**Problem to solve**: Start at the line with "Alan Reynolds, STRUCTURE-79, 1979, emulsion" in the records below, stop at the line with "KINS | V-NECK SWEATER KN118", and return every line in that span exactly, the two end lines included.

**Given records**:
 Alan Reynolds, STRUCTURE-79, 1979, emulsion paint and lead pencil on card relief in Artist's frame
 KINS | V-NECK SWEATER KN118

--

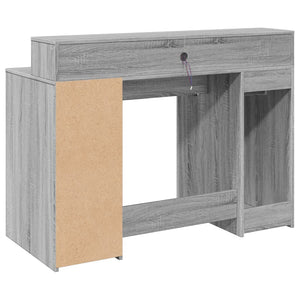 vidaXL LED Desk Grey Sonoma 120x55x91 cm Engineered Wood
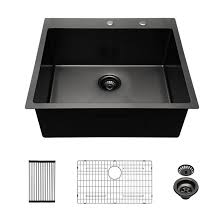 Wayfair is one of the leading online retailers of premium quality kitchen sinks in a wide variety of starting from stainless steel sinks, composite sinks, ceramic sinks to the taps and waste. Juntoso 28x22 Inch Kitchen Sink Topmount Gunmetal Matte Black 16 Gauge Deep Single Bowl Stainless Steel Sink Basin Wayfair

==

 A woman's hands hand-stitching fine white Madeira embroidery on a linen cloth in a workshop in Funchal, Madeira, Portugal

**Solution to the problem**:
 Alan Reynolds, STRUCTURE-79, 1979, emulsion paint and lead pencil on card relief in Artist's frame
 KINS | V-NECK SWEATER KN118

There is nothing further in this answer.